A free lunch? Wouldn't that be nice! Sometimes the quantization process improves the accuracy a little (probably by implicit regularization) but a model that's at or near capacity (as it should be) is necessarily hurt by throwing away most of the information. Language models often quantize well to small fixed-point types like int4, but it's not a magic wand.
I didn’t suggest a free lunch, just that the 8x reduction in RAM (+ faster processing) does not result in an 8x growth in the error. Thus a quantized model will outperform a non-quantized one on a evaluation/RAM metric.
Many applications dont want to host inference on the cloud and would ideally run things locally. Hardware constraints is clearly important.

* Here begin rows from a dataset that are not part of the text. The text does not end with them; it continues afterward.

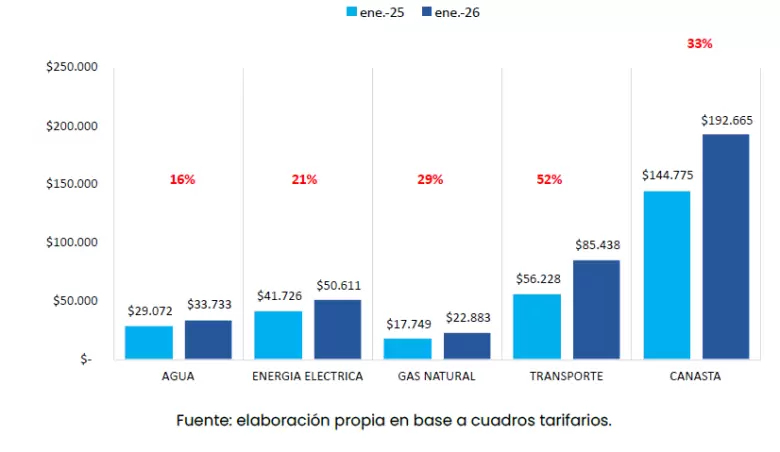 Canasta de los servicios públicos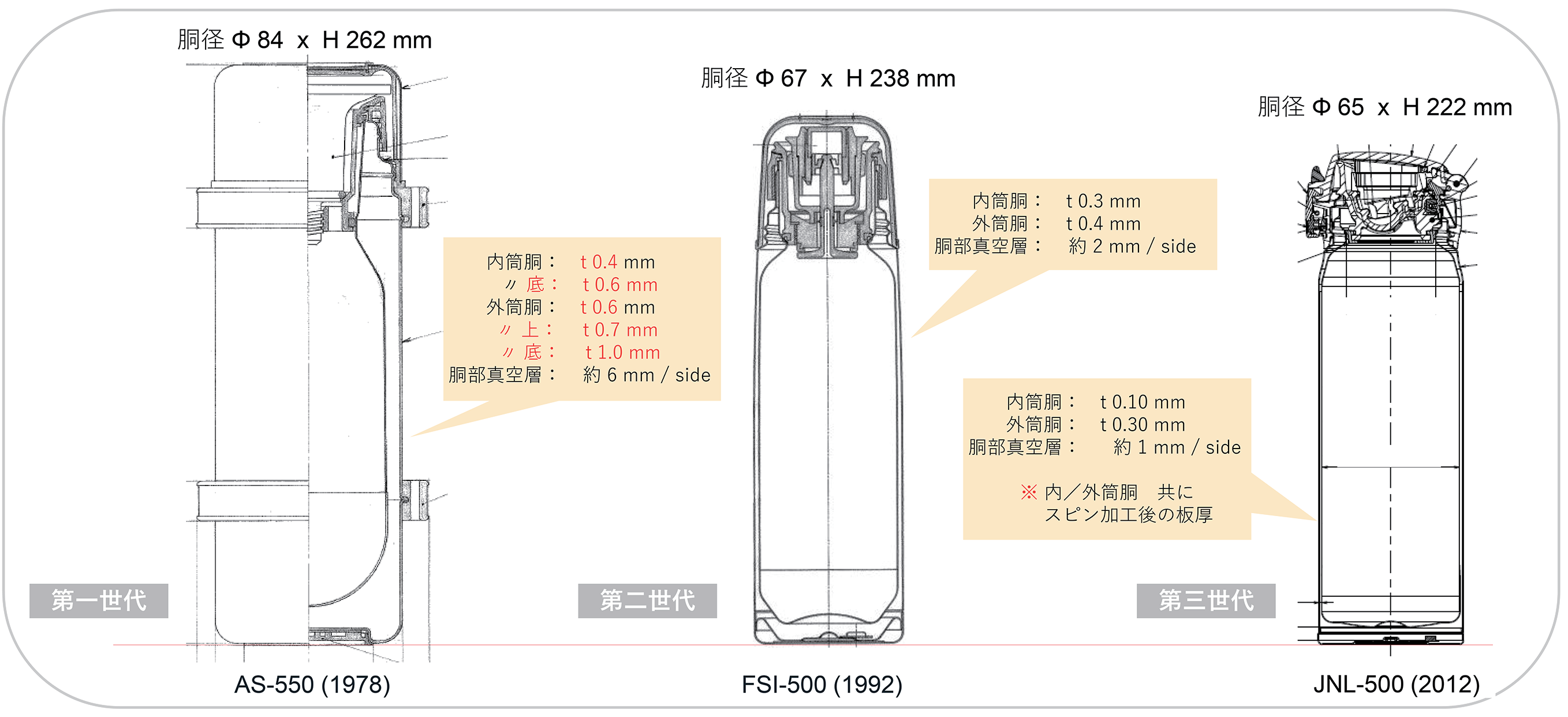 図 7.36　製品断面による板厚、真空層比較 2）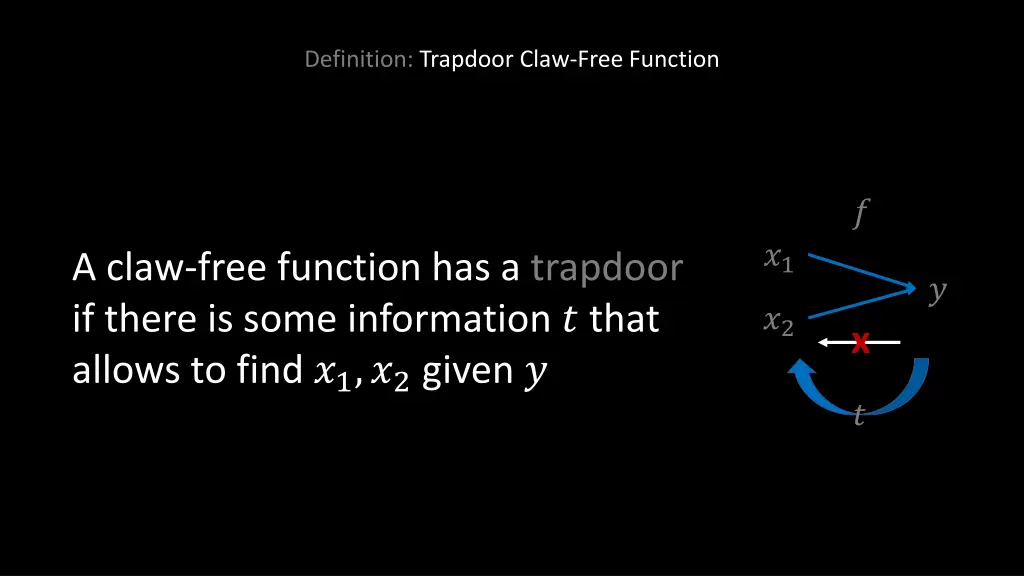 definition trapdoor claw free function 1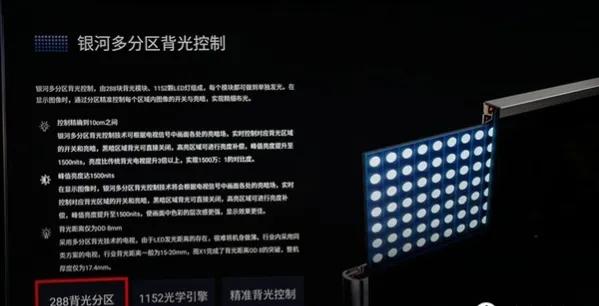 75寸电视哪个分区背光最好,背光分区和量子点电视哪个好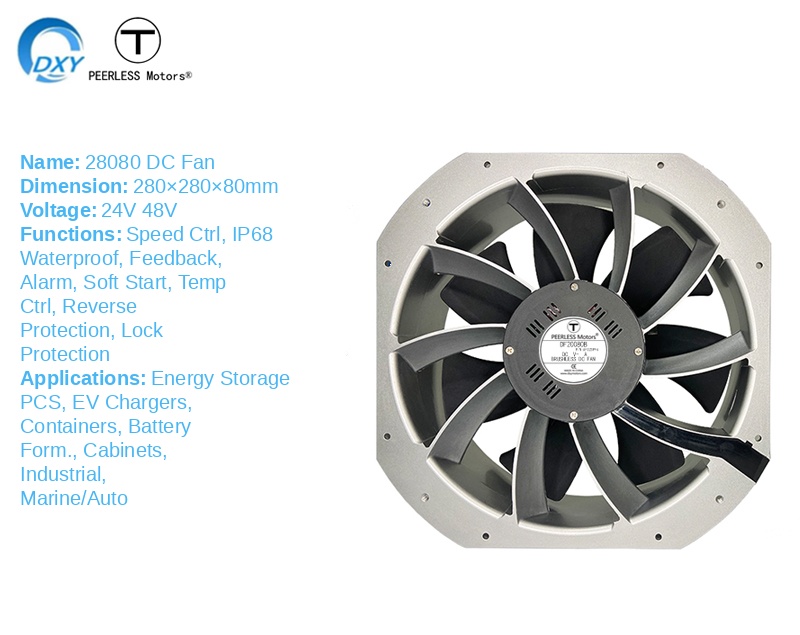 Product view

Id actually say its the most important metric for most open models now, since the price per performance of closed cloud models is so competitive with open cloud models, so edge inference that is competitive is a clear value add
It's not that memory usage isn't important, it's that dividing error by memory gives you a useless number. The benefit from incremental error decrease is highly nonlinear, as with memory. Improving error by 1% matters a lot more starting from 10% error than 80%. Also a model that used no memory and got everything wrong would have the best score.
I see, I agree with you. But I would imagine the useful metric to be “error rate below X GB memory”. We really just need memory and/or compute reported when these evaluations are performed to compile that. People do it for training reports since compute and memory is implicit based on training time (since people saturate it and report what hardware they’re using). But for inference no such details :\
I find that q6 and 5+ are subjectively as good as raw tensor files. 4 bit quality reduction is very detectable though. Of course there must be a loss of information, but perhaps there is a noise floor or something like that.
At what parameter count? Its been established that quantization has less of an effect on larger models. By the time you are at 70B quantization to 4 bits basically is negligible
I work mostly with mixtral and mistral 7b these days, but I did work with some 70b models before mistral came out, and I was not impressed with the 4 bit Llama-2 70b.
Good reference. I actually work on this stuff day-to-day which is why I feel qualified to comment on it, though mostly on images rather than natural language. I'll say in my defense that work like this is why I put a little disclaimer. It's well-known that plenty of popular models quantize/prune/sparsify well for some tasks. As the authors propose "current pretraining methods are not properly leveraging the parameters in the deeper layers of the network", this is what I was referring to as the networks not being "at capacity".